Bases: auxi.core.objects.Object

Represents a quantity of material consisting of multiple chemical compounds, having a specific mass, pressure, temperature and enthalpy.

  • material – A reference to the Material to which self belongs.
  • compound_masses – Package compound masses. [kg]
  • P – Package pressure. [atm]
  • T – Package temperature. [°C]

Get the enthalpy of the package.

Returns:Enthalpy. [kWh]

Determine the pressure of the package.

Returns:Pressure. [atm]

Get the temperature of of the package.

Returns:Temperature. [°C]

Determine the sum of mole amounts of all the compounds.

Returns:Amount. [kmol]

Set all the compound masses in the package to zero. Set the pressure to 1, the temperature to 25 and the enthalpy to zero.

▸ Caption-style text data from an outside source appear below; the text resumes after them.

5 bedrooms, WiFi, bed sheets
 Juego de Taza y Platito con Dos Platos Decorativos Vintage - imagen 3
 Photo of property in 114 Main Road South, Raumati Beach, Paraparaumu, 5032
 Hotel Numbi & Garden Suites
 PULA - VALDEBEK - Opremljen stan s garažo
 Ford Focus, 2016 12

Create a complete copy of the package.

Returns:A new MaterialPackage object.

Extract ‘other’ from this package, modifying this package and returning the extracted material as a new package.

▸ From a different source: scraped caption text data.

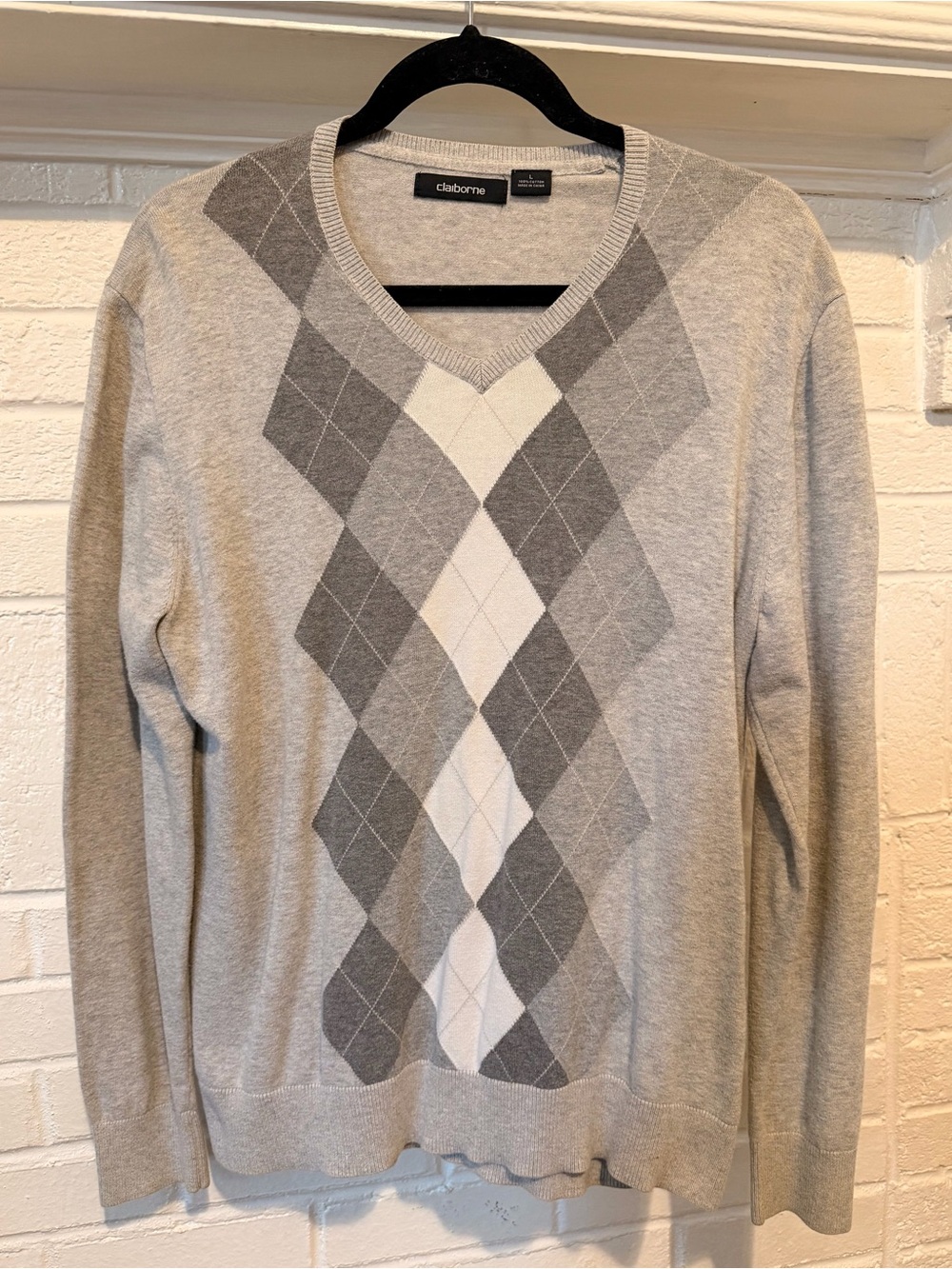 Claiborne Men's Gray Argyle V-Neck Sweater Size L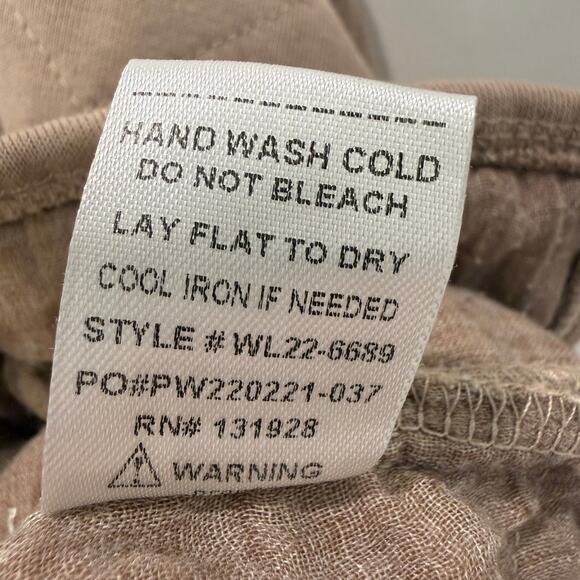 Sunland17 Quilted Oversized Pullover Top Size M/L Taupe V-Neck - Picture 8 of 10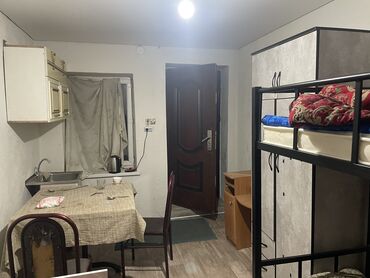 Долгосрочная аренда комнат: 12 м², С мебелью at lalafo.kg Долгосрочная аренда комнат: 12 м², С мебелью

Can be one of the following:

  • float: A mass equal to other is extracted from self. Self is reduced by other and the extracted package is returned as a new package.
  • tuple (compound, mass): The other tuple specifies the mass of a compound to be extracted. It is extracted from self and the extracted mass is returned as a new package.
  • string: The ‘other’ string specifies the compound to be extracted. All of the mass of that compound will be removed from self and a new package created with it.
  • Material: The ‘other’ material specifies the list of compounds to extract.
Returns:New MaterialPackage object.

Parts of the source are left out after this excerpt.